Florida’s interstates are among the deadliest in the United States, and Brevard County has seen an increasing number of traffic accidents in recent years. In this lab, I focused on the workflow itself: taking crash points and road segments and using ArcGIS Pro analysis tools to turn them into defensible hot spot maps (including fatality hot spots and peak-time hot spots).
Create Space Time Cube By Aggregating Points
The first major tool I used was Create Space Time Cube By Aggregating Points. Its job is to take point events (crashes) and aggregate them into a structured format that includes both space and time. Instead of treating each crash as a standalone point, this tool bins crashes into a spatial grid (hexagons in this lab) and slices them into time intervals (weeks). The output is a space-time cube file that can be analyzed for patterns that change over time, not just patterns that exist in one static snapshot.

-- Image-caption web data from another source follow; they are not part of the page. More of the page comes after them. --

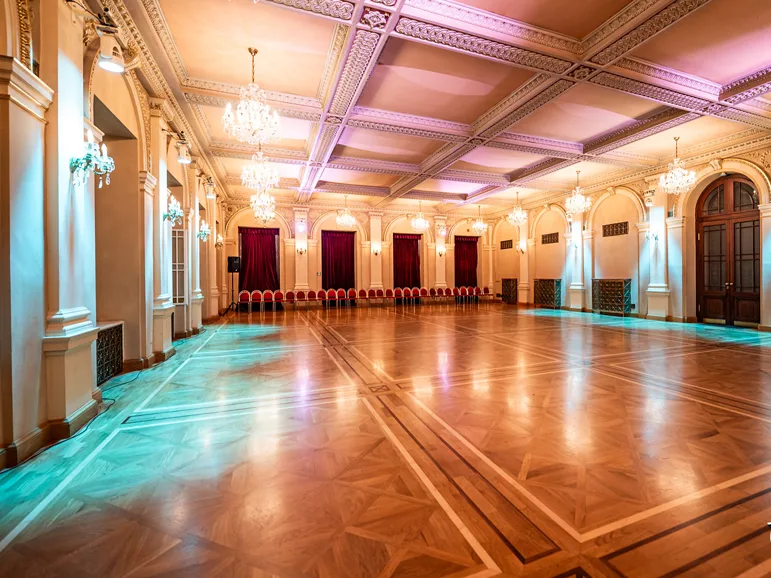 Palác Žofín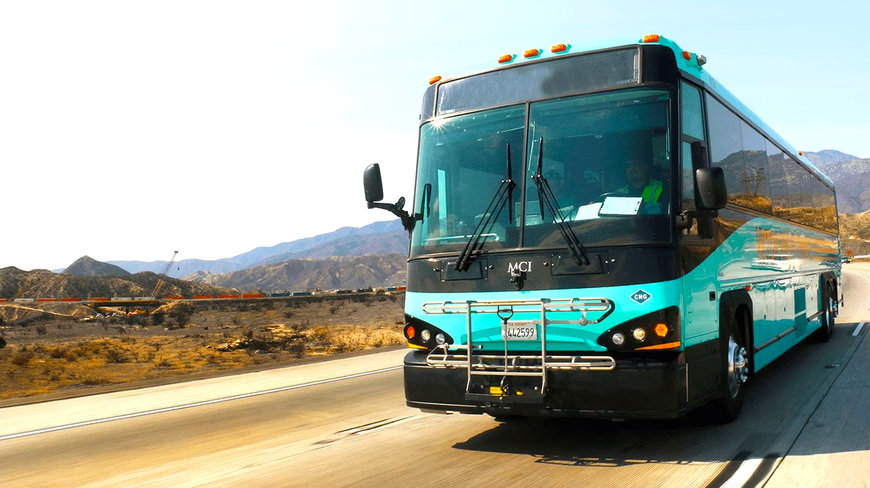 KEOLIS WINS TWO BUS CONTRACTS IN CALIFORNIA
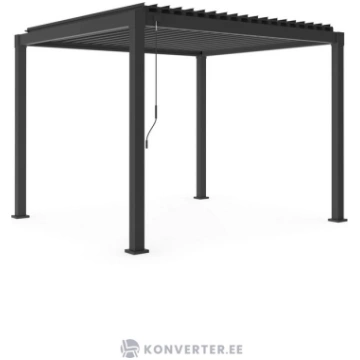 Lapene Garda (Bizzotto) 3x3m - Konverter Sisustusk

Emerging Hot Spot Analysis
With the cube created, I ran Emerging Hot Spot Analysis. This tool looks for statistically significant clusters (hot spots and cold spots) in the cube and also classifies how those clusters behave over time. The value here is that it does not just say “this area is dense.” It asks whether clustering is statistically meaningful and whether the pattern is new, consecutive, sporadic, oscillating, and so on. In the lab, this gave me an exploratory view of where crash clustering appears to be happening and how it behaves over the study period.

Copy Features
Before aligning crashes to roads, I used Copy Features. This tool simply creates a duplicate of the crash point layer. The reason it matters is practical: later alignment work changes geometry, and copying the data first protects the original dataset so I can always revert or compare.

Snap
Next I used Snap to move the copied crash points so they align more closely with the road network. Crash points often do not fall exactly on road centerlines due to collection methods, GPS error, or digitizing differences. Snap fixes that by shifting points to the nearest road edge within a specified tolerance. The purpose here is not cosmetic. It improves the accuracy of the next tool—because if the points do not line up with roads, the relationship between “this crash” and “this road segment” can be wrong.
Spatial Join
Once the crashes were better aligned, I used Spatial Join to attach crash information to road segments. In this lab, the important outcome was a road layer that includes a crash count per segment (and later, the summed fatalities). Spatial Join is the bridge from “events happened at points” to “risk exists along a network.” Without it, I would still be stuck with points and guesswork.
Calculate Field
After joining, I used Calculate Field to standardize the data. Roads are not the same length, so longer segments naturally tend to accumulate more crashes. Calculate Field let me create rate fields (like crashes per mile per year) so that comparison is fair. I used it twice in concept:
- to compute a crash rate based on crash counts, years covered, and road length
- to compute a fatality rate, including logic to treat null fatality totals as zero so the calculation doesn’t break or mislead
This is where the lab shifts from “counting” to “measuring.”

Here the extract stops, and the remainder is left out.